11.12.19

Observatório


Phosphorescent, “Song for Zula”, in https://www.youtube.com/watch?v=ZPxQYhGpdvg
Subo pela montanha como se fosse uma descida, como se no seu epílogo estivesse uma fonte prometida com uma quimera. Não emudeço. Sou um repositório abundante de palavras, entoadas de todas as formas, páginas entreabertas para os estados de alma. Subo ao dorso de uma música, como se não fizesse mal locupletar direitos de autor. 
Observo. Observo meticulosamente. As diferentes camadas do mundo, os olhares volúveis, os gestos significativos, os fins que se embaciam no mar de impossibilidades, o desejo contido, as oportunidades sem acesso, a maresia que irradia dos rostos a contento. 
Observo. Observo cuidadosamente. Os temas em sobressalto, cavalgando sobre a distopia dos farsantes. As miragens que se enquistam nos cabais fingimentos. Os pleitos sem manutenção. As conversas que soam a indigência, apenas porque está convencionado que as pessoas têm de socializar. A abjuração do silêncio, a injusta abjuração do silêncio, quando o silêncio é a prolixa medida de comunicação. A falta de coragem, ou a bravura contida pelo esconjurar da loucura gratuita. 
Tomo em minhas rédeas o observatório de que fui fautor. Tiro a desordem como ordem e combino as mortalhas que saem na taluda dos acasos. Mitigo os lados avulsos como o rosto escondido de uma lua por caiar. Observo as crianças, observo como nasceram para a algazarra infantil, a não pueril medida da sua maturidade oprimida. Tiro a métrica de uma boémia sem boémios na noite branca, a noite articamente contínua – o sopesar dos medos amestrados contra a cólera da noite. Amontoo no sepulcro da memória os vestígios imprestáveis. Decido com eles fazer o que se faz nos sepulcros, deixando verter o refrigério do tempo imprescritível. 
Observo. Observo com o magistério do observatório não altivo, o observatório que não precisa de um miradouro para ser observatório. Congemino as peças alcatifadas na nuca do pensamento, tirando com o avesso das mãos o sal fértil do pensamento assim não escondido. 
Observo o que sou como observador. Sei que a meta-observação não me deixa ser se não feitor de um imparcial escrutínio.
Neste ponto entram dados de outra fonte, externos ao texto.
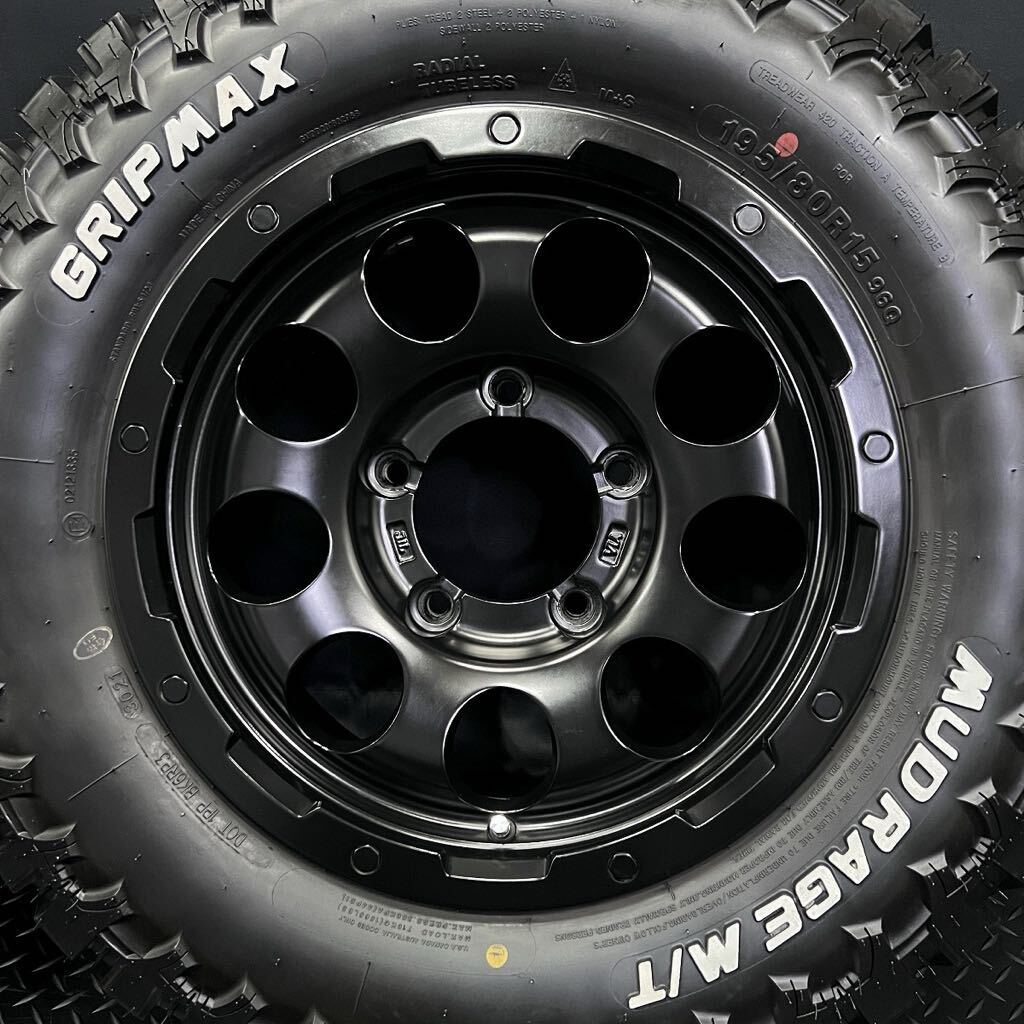 21年製深溝美品★195/80R15 MUD RAGE M/T&社外ホイール 4本 №240319-S1 ジムニーシエラ 5.5J +5 5H 139.7/ブラック*マッド*ホワイトレターの画像8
Pois sei que é em mim que começa o julgamento. E em mim acaba. O observatório é uma auto-peregrinação. A convolação de uma alma inquieta contra os malefícios do mundo, contra conspirações mudas que se disfarçam de vultos sem espessura. 
Deste que é meu observatório, o legado de mim ao que de menos de mim interesse ao resto do mundo.